Struck R F, Kari P, Kalin J, Montgomery J A, Marinello A J, Love J, Bansal S K, Gurtoo H L
Biochem Biophys Res Commun. 1984 Apr 30;120(2):390-6. doi: 10.1016/0006-291x(84)91266-x.
Incubation of [3H]-sidechain-labeled and [14C]-C(4)-ring-labeled cyclophosphamide (CPA) with purified cytochrome P-450 from liver microsomes of rats treated with phenobarbital resulted in the production of a major metabolite that contained both labels, was unaffected by diazomethane, possessed high polarity, was identical in TLC and HPLC behavior to a synthetic standard, didechlorodihydroxy -CPA, and was converted to CPA and bis(2-chloroethyl)amine by thionyl chloride . These results indicate that phenobarbital-inducible cytochrome P-450 is able to dechlorinate CPA and may account, in part, for the inability of phenobarbital to enhance the therapeutic activity and toxicity of this important anticancer and immunosuppressive agent.

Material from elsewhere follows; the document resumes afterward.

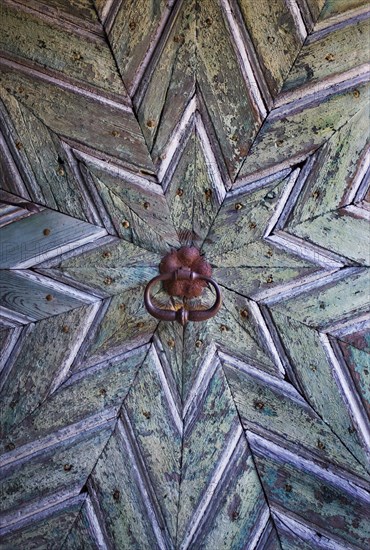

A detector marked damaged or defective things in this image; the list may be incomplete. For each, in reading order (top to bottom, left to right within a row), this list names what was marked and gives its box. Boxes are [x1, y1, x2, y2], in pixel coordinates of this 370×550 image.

rusty metal mount [143, 247, 221, 326]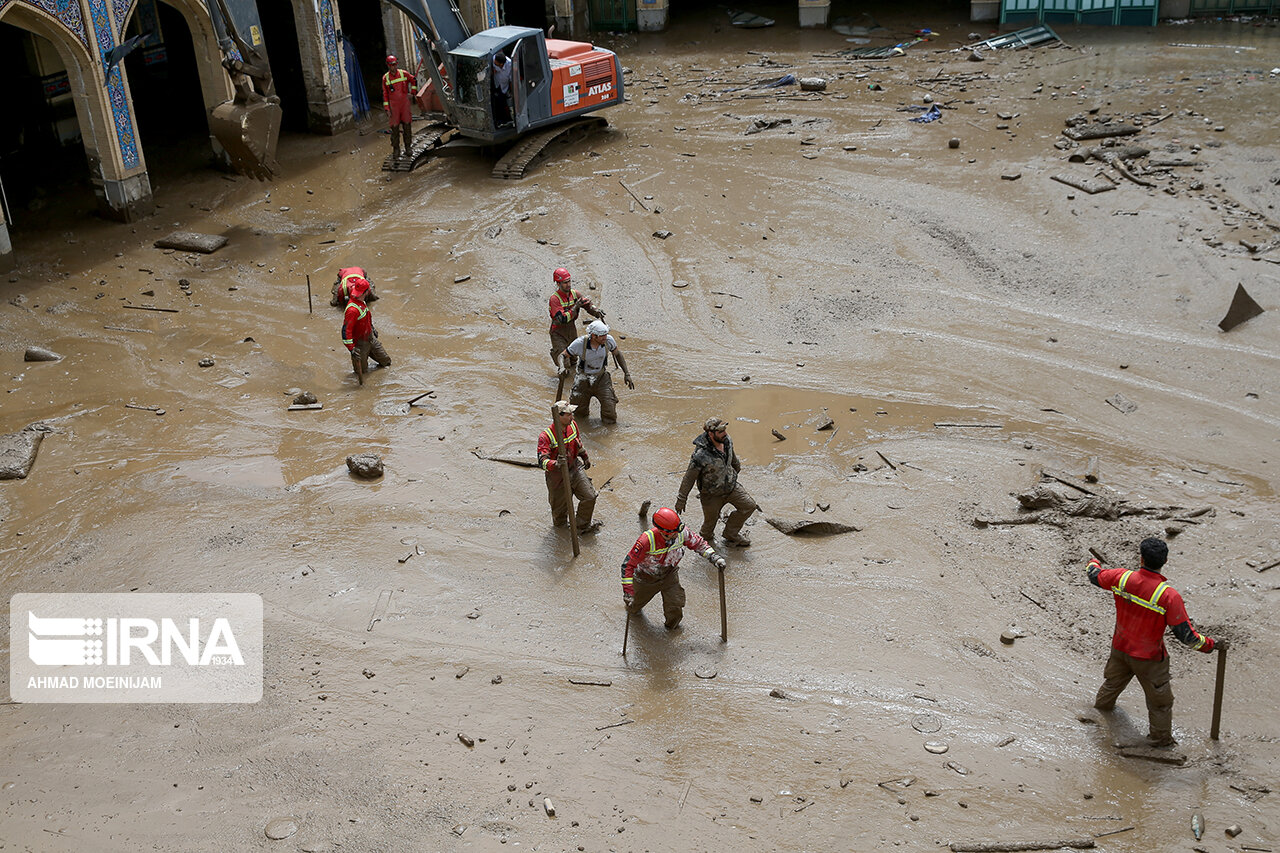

将[3H]侧链标记和[14C]-C(4)环标记的环磷酰胺(CPA)与用苯巴比妥处理的大鼠肝脏微粒体中的纯化细胞色素P-450一起温育,产生了一种主要代谢物,该代谢物含有两种标记,不受重氮甲烷影响,具有高极性,在薄层色谱(TLC)和高效液相色谱(HPLC)行为上与合成标准品二氯二羟基-CPA相同,并且可通过亚硫酰氯转化为CPA和双(2-氯乙基)胺。这些结果表明,苯巴比妥诱导的细胞色素P-450能够使CPA脱氯,这可能部分解释了苯巴比妥无法增强这种重要抗癌和免疫抑制剂的治疗活性及毒性的原因。